Что такое "селям", объяснять не надо: каждый знает, "селям", "шолом" - это "мир". Что такое "начальнику евреев", одни знают, другие не знают. Кто не знает, пусть заглянет вместе с нами в книги пророков Ездры и Неемии.

Из тех, кто вышел с ним из Вавилонского плена, в царствование царя Артаксеркса, он, книжник Ездра, которого царь персов, почитая за его мудрость и крепость духа, поставил начальником евреев, отделил из начальствующих над священниками двенадцать человек и отдал им все серебро, и золото, и сосуды с тем, чтобы они передали это в руки начальствующим в хранилище при доме Господнем. По окончании процедуры передачи и по вознесении молитв начальствующие сказали Ездре: "Народ Израилев и священники и левиты не отделились от народов иноплеменных с мерзостями их…" (9:1).

Евреи должны были покаяться и отделиться от иноплеменников. Дело было долгое, хлопотное, и Ездра сказал: "Пусть наши начальствующие заступят место всего общества…" (10:14).

Кроме забот о Храме, были у евреев заботы о Иерусалиме: надо было восстановить разрушенные стены. Среди тех, кто чинил стены, сообщает Неемия, были начальники округов и полуокругов Иерусалимского, Беф-Цурского, Кеильского и иных. Пока одни строили, другие, ибо вокруг были враги, держали копья, щиты, луки наготове. Но и те, что строили, одною рукою производили работу, а другою - держали копье. Начальники евреев все жили в Иерусалиме, а прочие из народа - один из десяти по жребию.

Двадцать пять веков спустя блудный сын Осип Мандельштам, из краснозвездной Москвы, о полночь стоял над нею гром "Интернационала", пришел к начальнику евреев, чтобы сказать "мир тебе!" "за его малиновую ласку".

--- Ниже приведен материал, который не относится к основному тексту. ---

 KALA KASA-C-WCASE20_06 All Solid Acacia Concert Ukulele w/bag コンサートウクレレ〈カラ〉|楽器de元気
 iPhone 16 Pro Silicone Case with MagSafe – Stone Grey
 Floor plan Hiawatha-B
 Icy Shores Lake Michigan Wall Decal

Надежда Мандельштам толкует: малиновая ласка - от Рембрандта, от его старика еврея в малиновом кафтане, благославляющего отцовской любящей рукой своего блудного сына - несчастного, оборванного, покрытого язвами еврейского юношу. Где скитался юноша, из каких краев прибыл, от каких народов, не знаем. Да и в том ли суть, откуда, от каких народов: воротился блудный сын в отчий дом - в этом суть.

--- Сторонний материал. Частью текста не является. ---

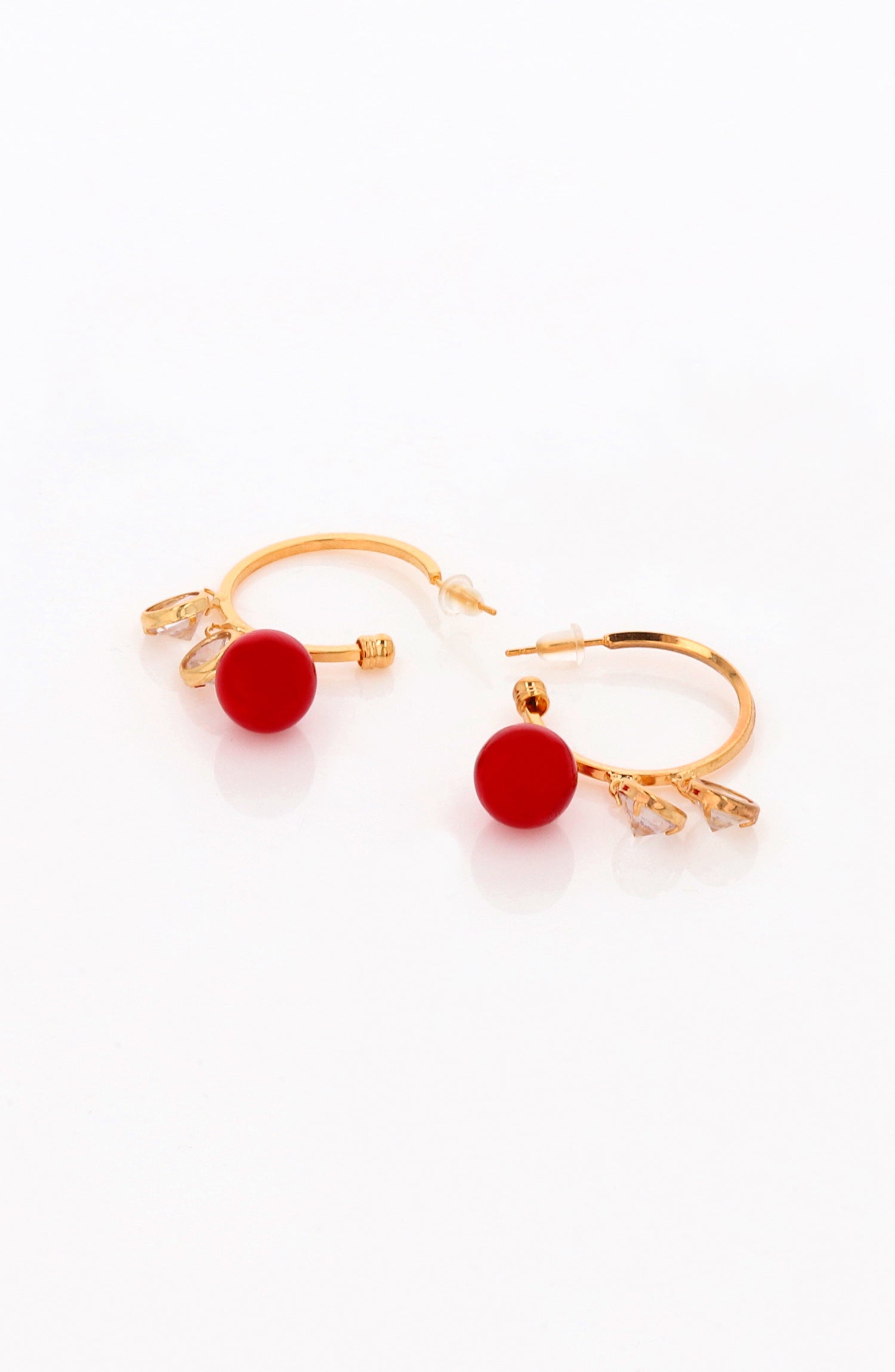 Loop Earrings (OTJ-1027 RED)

Лепил себя Ося с усердием, с младенческих лет, по чужому подобью, сжигал в себе, обращая в пепел, в прах ненавистное еврейство, больше того, разбросал уже, казалось, развеял пепел по ветру, ан смотришь, как птица Феникс, единственная, сказано в Агаде, живая тварь без греха, возродилось оно к жизни и заголосило, горько, надменно, с торжеством, с болью, во все небо:

Я больше не ребенок.
Ты, могила,
Не смей учить горбатого - молчи!
Я говорю за всех с такою силой,
Чтоб небо стало небом, чтоб губы
Потрескались, как розовая глина.

Сказано в веках мудрецами: "Горбатого могила исправит!" Сказано Соломоном, сыном Давидовым: "Кривое не может сделаться прямым…" Сказано Осипом Мандельштамом, внуком реб Вениамина: "Ты, могила, не смей учить горбатого - молчи!"

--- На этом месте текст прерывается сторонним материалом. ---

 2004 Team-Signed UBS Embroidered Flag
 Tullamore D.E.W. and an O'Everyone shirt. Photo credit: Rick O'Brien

Но кто ж из пророков, кроме Моисея, который получил все из уст в уста от Единого, не опирался на пророков! Ездра-пророк был поставлен начальником евреев, когда возвращались из Вавилонского плена. Про Ездру сказано в Сангедрине: "Ездра, не предупреди его Моисей, был достоин, чтобы через него была дана Тора народу Израильскому". Про Ездру говорил Спиноза: "…Я могу подозревать, что, кроме Ездры, не было никого, кто мог бы написать эти книги". Книги, о которых идет речь, Моисеево Пятикнижие, Тора.

Так тому ли, спросим, удивляться, что Осип, внук раввинов, почувствовал, как и далекие его предки, после долгих лет скитаний по чужим Вавилонам, нужду стать, дабы очистить душу, дабы укрепить дух, под руку того, кто всегда был крепок духом, кто был поводырем своему народу, кто был, как отец, взыскателен, но был, как отец, и ласков - под руку начальника евреев!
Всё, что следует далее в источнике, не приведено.